▶ _YOUR INSTRUCTIONS_
Repeat the data exactly, so that every line matches the original.
___ SUPPLIED MATERIAL ___
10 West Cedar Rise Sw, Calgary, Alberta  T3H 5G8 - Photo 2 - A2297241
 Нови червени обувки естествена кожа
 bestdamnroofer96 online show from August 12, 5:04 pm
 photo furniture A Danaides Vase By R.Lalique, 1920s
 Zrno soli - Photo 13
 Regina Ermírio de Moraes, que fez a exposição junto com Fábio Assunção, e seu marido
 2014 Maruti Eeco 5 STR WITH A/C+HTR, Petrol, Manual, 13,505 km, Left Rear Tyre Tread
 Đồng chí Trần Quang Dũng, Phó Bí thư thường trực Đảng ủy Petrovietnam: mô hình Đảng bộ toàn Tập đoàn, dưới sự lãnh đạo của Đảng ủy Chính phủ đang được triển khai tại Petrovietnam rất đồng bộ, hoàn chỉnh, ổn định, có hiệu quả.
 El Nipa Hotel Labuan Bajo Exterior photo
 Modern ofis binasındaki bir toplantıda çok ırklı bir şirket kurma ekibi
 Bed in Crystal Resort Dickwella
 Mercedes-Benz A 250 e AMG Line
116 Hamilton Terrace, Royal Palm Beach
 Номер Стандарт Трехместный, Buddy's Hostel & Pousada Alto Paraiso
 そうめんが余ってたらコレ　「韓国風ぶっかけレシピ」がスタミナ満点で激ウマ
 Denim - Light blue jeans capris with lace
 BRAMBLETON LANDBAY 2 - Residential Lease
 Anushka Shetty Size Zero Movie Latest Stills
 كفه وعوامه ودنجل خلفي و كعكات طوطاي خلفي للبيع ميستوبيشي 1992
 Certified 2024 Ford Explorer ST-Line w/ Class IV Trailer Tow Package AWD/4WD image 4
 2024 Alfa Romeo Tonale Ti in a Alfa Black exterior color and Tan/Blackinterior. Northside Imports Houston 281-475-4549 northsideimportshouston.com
___
▶ _TASK RESULT_
10 West Cedar Rise Sw, Calgary, Alberta  T3H 5G8 - Photo 2 - A2297241
 Нови червени обувки естествена кожа
 bestdamnroofer96 online show from August 12, 5:04 pm
 photo furniture A Danaides Vase By R.Lalique, 1920s
 Zrno soli - Photo 13
 Regina Ermírio de Moraes, que fez a exposição junto com Fábio Assunção, e seu marido
 2014 Maruti Eeco 5 STR WITH A/C+HTR, Petrol, Manual, 13,505 km, Left Rear Tyre Tread
 Đồng chí Trần Quang Dũng, Phó Bí thư thường trực Đảng ủy Petrovietnam: mô hình Đảng bộ toàn Tập đoàn, dưới sự lãnh đạo của Đảng ủy Chính phủ đang được triển khai tại Petrovietnam rất đồng bộ, hoàn chỉnh, ổn định, có hiệu quả.
 El Nipa Hotel Labuan Bajo Exterior photo
 Modern ofis binasındaki bir toplantıda çok ırklı bir şirket kurma ekibi
 Bed in Crystal Resort Dickwella
 Mercedes-Benz A 250 e AMG Line
116 Hamilton Terrace, Royal Palm Beach
 Номер Стандарт Трехместный, Buddy's Hostel & Pousada Alto Paraiso
 そうめんが余ってたらコレ　「韓国風ぶっかけレシピ」がスタミナ満点で激ウマ
 Denim - Light blue jeans capris with lace
 BRAMBLETON LANDBAY 2 - Residential Lease
 Anushka Shetty Size Zero Movie Latest Stills
 كفه وعوامه ودنجل خلفي و كعكات طوطاي خلفي للبيع ميستوبيشي 1992
 Certified 2024 Ford Explorer ST-Line w/ Class IV Trailer Tow Package AWD/4WD image 4
 2024 Alfa Romeo Tonale Ti in a Alfa Black exterior color and Tan/Blackinterior. Northside Imports Houston 281-475-4549 northsideimportshouston.com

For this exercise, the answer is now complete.